Deny list / Blacklists
Blacklists such as offered e.g. by DNS services are meant to contain all known bad sites and block them. This task is ridiculous. We can not possibly know of all bad sites. They pop up everyday in thousands. The makers of Dansguardian filters put it like that:
The web is a fast changing place and even large web search engines such as Google or Altavista or Yahoo don't even know of half of it. This makes filtering by web address (URL) difficult as sites change and new ones come up all the time.
To overcome limitations of a blacklist we additionally need some sort of content filtering but it is tedious to maintain the filters. This may be good for schools when a full time employee does all the work but it is unlikely we find the time at home to do so. Using pre-made filters is likely a bad idea as the bad sites know about them and avoid those suspicious phrases to appear on their pages (look at the spam mail you get and you have an idea on how they do it).
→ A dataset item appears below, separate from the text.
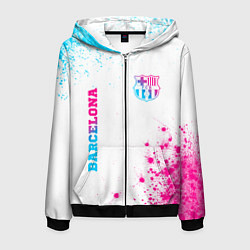 Мужская толстовка на молнии Barcelona neon gradient style: надпись, символ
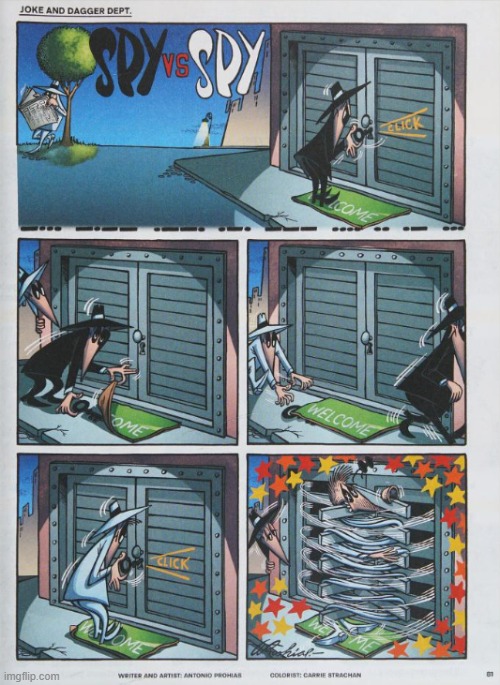 image tagged in spy vs spy,doors,key,grinder,sliced,wtf | made w/ Imgflip meme maker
As already mentioned kids become smart, and we desperately want them to become so. Unortunately then they will also learn how to overcome most of our filters. They will (yes, they will, no matter what we do) gain access to anything they want by the time they are smart. All our blocking efforts will fail by then. Before that however they may not be interested in all that adult stuff at all. So there would in reality not be a need to block anything. By the time they are smart they need to be smart enough to know what is a bad site, and they should be smart enough to be interested in other things rather than visits on adult pages.
We all are or will be smart parents. We want to teach our kids how to operate Ubuntu and how to discover the Internet. Smart parents watch what their kids do and they talk to them about what they do. We should provide them with the knowledge on what to do when they come to sites that are different or may be harmful. We want our kids to tell us what they do. Smart parents spent the time they would need to set up and maintain a parental control rather with their kids. We also should not leave the kids alone. Put the computer to a place where you can pass by and have a short look what is displayed on the screen.
In summary the "best" way to refrain our kids from visiting unwanted sites is to become a smart parent educating their kids to become smart. But I know from my own experience that this also may fail, has inconsistencies, and may likely not achieve 100% safety. It still is the best.
Note after seven years: We never had any content filters in all those years. I can see now how important all I said above was to our kids.